Italian Air Force & Italian Navy
is scheduled to receive 30 F-35B STOVL (15 Air Force and 15 Navy) variants of the Joint Strike Fighter to replace numerous legacy fighters in Air Force and Navy service including the McDonnell Douglas AV-8B Plus Harrier II aircraft operated by the Italian Navy. The Air Force will also operate 60 F-35A CTOL variants. Italian aviation companies are already producing components for the F-35’s being manufactured for all nations.
The Future of the F-35B
The success of the F-35B Lightning II aircraft is yet to be proven but for now, despite the controversy surrounding delays, technical issues and high costs, it is starting to look and sound very good. The test flights and production of these highly advanced aircraft continues.

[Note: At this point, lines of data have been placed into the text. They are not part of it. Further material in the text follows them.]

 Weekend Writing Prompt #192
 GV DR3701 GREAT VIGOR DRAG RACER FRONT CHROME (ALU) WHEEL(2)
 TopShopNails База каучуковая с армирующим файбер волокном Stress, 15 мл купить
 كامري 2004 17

The F-35 cost is expected to reduce as more are produced and Lockheed Martin in conjunction with the United States military continue to work on methods to reduce production costs. Lockheed Martin state: “Since we built the first F-35, production costs have dropped 55 percent.”

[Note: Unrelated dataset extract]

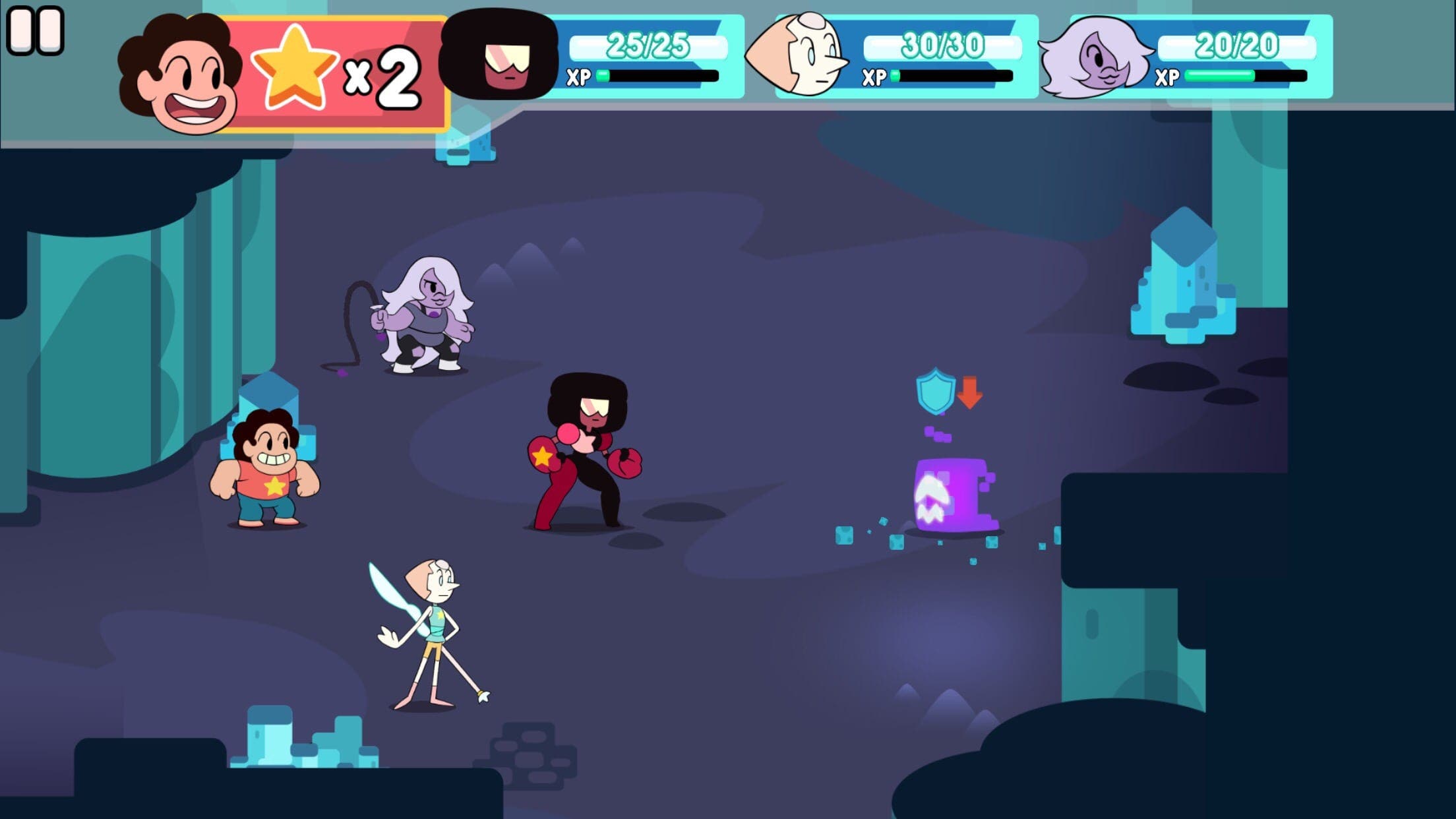 Útok na hranol, dětské RPG jako aplikace týdne 6 Prizmaya saldırı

From the Lockheed Martin F-35 Fast Facts Cost web page:
The most recently contracted unit costs for Low Rate Initial Production lot 7 (not including the engine) are:
- F-35A: $98 million
- F-35B: $104 million
- F-35C: $116 million
An F-35A purchased in 2018 and delivered in 2020 will be $85 million, which is the equivalent of $75 million in today’s dollars.
Along with the USMC, RAF, Royal Navy and Italy, no doubt other countries including Spain who also operate the AV-8B Plus and Australia who are currently putting into service amphibious assault ships will consider the type. The F-35 is an all for nothing deal and they have to make it work!
Future Chinese STOVL?
It may not be too long before China enters the STOVL combat aircraft market. In March 2015 the Aviation Industry Corporation of China announced that its subsidiaries will be working on the development of a STOVL aircraft engine for the proposed production of a Chinese STOVL fighter to operate from future People’s Liberation Army Navy (PLAN) amphibious assault ships and their current CNS Liaoning aircraft carrier. It will be interesting to see what they come up with but given the operational similarities, I suspect it may be a development of the fifth generation, stealthy Shenyang J-31 prototype which made its first flight on October 31st, 2012 and is expected to enter the Chinese Peoples Liberation Army Air Force by 2019. The J-31 is very similar in appearance to the F-35A CTOL variant (I wonder where they go that design concept from?), except it has twin engines, which some say the F-35 should have had (time will tell).
Exciting times lay ahead for STOVL technology. I look forward to seeing what happens!